With churches closed due to the coronavirus pandemic, one Catholic priest in Tijuana, Baja California, is still managing to spread the gospel. 

Using a pickup truck and Facebook Live, Rev. Jorge Echegollén of the Parish of San Miguel Arcángel travels to the city’s hospitals to provide spiritual comfort to medical personnel and families of the afflicted. 

“To all the sick, doctors, security guards and all the relatives, God bless you, in the name of the father,” Echegollén preaches.

Echegollén is one of about 20 priests dispatched by the Archdiocese of Tijuana to deliver drive-in blessings, communions and funeral services to the faithful which he also broadcasts online to a following of more than 6,000 viewers.
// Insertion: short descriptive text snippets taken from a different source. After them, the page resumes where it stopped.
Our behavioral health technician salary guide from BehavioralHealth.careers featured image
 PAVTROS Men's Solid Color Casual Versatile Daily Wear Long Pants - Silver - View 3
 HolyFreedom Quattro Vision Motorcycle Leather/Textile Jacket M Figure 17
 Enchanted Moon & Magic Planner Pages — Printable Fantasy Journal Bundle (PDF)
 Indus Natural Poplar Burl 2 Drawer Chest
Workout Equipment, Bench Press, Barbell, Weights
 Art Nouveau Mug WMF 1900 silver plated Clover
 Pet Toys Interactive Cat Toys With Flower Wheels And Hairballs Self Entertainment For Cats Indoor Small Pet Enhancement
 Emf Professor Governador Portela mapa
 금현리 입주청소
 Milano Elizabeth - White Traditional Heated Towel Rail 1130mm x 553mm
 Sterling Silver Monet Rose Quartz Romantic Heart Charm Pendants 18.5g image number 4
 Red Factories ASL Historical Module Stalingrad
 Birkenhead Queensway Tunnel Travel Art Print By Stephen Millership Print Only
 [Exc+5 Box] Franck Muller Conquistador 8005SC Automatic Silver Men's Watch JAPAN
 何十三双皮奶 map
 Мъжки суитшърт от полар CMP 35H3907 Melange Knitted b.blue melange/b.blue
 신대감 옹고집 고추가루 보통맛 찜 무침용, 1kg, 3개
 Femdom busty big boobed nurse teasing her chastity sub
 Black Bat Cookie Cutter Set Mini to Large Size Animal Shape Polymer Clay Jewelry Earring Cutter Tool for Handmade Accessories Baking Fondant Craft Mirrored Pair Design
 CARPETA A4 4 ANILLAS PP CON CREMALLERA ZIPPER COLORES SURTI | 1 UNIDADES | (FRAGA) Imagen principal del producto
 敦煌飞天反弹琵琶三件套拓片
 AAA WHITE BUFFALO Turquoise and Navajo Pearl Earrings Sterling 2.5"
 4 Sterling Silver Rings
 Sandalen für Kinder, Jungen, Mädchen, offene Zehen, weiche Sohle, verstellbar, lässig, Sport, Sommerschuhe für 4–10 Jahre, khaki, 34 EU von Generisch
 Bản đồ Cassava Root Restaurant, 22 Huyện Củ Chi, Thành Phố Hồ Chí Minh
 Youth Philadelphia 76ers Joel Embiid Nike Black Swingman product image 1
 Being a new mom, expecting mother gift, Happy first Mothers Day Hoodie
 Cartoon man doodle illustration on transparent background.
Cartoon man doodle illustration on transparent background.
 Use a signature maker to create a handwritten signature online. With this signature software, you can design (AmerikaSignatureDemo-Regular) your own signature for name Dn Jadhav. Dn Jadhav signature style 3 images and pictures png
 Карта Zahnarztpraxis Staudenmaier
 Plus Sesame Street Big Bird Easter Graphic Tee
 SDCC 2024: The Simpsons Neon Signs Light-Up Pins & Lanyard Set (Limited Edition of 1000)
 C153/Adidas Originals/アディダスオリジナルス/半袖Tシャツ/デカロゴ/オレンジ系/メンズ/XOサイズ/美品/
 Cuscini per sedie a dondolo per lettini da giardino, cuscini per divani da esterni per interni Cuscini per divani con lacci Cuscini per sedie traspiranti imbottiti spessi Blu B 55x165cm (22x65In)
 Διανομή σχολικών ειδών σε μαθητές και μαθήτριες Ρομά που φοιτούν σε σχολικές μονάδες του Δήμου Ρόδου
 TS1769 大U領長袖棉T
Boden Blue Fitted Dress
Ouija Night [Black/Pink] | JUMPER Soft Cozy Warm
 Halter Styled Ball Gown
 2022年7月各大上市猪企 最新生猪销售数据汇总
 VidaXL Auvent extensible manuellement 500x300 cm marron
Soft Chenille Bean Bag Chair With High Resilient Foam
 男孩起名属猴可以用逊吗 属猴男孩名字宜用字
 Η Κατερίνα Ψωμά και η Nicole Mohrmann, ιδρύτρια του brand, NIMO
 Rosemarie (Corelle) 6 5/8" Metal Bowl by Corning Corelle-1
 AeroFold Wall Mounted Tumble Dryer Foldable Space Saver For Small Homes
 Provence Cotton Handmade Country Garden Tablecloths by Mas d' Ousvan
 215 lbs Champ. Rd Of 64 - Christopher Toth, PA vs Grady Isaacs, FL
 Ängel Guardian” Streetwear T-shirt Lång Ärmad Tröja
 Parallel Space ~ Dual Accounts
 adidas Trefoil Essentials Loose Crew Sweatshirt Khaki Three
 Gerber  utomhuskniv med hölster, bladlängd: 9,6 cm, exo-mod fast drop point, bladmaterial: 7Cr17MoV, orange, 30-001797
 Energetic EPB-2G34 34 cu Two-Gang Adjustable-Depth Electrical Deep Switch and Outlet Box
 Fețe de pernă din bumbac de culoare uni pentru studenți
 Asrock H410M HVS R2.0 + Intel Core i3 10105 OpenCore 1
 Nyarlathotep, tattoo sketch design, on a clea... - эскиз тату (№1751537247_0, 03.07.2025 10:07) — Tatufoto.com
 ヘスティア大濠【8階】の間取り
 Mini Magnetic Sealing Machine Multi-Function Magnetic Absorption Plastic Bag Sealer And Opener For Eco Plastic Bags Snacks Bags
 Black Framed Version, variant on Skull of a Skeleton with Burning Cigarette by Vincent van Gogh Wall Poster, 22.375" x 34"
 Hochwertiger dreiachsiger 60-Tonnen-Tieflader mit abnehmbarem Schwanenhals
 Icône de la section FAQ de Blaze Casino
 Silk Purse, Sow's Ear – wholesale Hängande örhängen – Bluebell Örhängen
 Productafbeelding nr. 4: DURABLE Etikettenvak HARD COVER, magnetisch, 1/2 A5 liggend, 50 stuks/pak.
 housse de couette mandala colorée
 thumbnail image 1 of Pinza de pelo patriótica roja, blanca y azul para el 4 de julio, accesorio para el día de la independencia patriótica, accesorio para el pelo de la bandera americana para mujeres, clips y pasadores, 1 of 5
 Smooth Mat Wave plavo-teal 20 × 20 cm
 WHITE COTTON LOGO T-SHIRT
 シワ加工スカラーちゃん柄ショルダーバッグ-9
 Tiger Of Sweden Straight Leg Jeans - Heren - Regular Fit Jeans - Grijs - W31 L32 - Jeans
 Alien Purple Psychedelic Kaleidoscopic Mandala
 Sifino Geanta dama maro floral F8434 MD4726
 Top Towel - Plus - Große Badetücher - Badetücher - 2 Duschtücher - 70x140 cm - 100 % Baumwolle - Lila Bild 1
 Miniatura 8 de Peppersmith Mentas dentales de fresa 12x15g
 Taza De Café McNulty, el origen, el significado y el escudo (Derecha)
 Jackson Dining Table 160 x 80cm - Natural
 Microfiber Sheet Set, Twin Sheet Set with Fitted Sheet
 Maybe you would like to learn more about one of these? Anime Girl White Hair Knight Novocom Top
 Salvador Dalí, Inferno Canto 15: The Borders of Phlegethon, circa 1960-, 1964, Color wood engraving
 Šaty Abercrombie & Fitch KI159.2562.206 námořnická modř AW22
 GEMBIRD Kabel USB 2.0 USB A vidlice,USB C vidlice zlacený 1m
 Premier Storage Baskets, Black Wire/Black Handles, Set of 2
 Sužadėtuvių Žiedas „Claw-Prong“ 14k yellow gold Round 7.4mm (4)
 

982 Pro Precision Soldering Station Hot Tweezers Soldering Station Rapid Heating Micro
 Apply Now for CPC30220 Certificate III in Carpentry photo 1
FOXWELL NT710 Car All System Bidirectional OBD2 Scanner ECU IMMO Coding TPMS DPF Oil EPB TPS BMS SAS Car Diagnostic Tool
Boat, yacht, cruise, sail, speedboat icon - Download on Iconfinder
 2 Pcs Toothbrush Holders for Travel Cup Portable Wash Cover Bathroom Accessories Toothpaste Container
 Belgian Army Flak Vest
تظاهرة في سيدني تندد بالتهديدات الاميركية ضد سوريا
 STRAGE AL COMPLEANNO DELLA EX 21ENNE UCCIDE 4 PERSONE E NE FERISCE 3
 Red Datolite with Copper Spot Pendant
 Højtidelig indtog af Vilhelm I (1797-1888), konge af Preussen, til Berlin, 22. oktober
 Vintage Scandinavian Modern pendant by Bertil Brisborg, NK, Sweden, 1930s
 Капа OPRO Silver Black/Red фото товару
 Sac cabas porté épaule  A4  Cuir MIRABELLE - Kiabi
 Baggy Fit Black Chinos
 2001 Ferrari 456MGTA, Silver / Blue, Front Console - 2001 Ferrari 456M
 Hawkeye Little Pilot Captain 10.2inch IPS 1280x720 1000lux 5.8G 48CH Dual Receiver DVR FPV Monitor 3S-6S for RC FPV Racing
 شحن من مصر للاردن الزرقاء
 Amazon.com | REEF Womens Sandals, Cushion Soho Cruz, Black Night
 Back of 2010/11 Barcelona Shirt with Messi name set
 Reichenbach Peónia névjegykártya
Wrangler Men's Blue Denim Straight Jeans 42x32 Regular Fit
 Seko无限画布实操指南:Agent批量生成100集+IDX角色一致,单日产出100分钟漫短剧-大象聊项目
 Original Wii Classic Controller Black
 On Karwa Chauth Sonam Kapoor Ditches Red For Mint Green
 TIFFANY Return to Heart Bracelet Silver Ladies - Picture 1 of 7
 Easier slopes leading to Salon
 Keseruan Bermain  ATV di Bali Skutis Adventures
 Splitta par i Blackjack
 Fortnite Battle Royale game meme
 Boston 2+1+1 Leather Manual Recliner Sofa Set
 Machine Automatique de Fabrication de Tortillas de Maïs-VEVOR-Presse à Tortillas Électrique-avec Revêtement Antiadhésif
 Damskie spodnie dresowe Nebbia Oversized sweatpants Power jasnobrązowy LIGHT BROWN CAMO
The archdiocese also offers online confessions and counseling. 

“I know that we are not going to change history if we do or do not give the blessing, but we trust in God’s mercy, especially for those most in need who are sick with Covid-19,” Echegollén says.

Before leaving on his motorized tour, Echegollén broadcasts a daily mass on YouTube from his church, taping photos of faithful parishioners to the empty pews. And although cyber-preaching serves an important need, the priest will welcome a full house when the time is right. 

“People are very much missed. The noise of the children is the joy of the parish,” Echegollén says.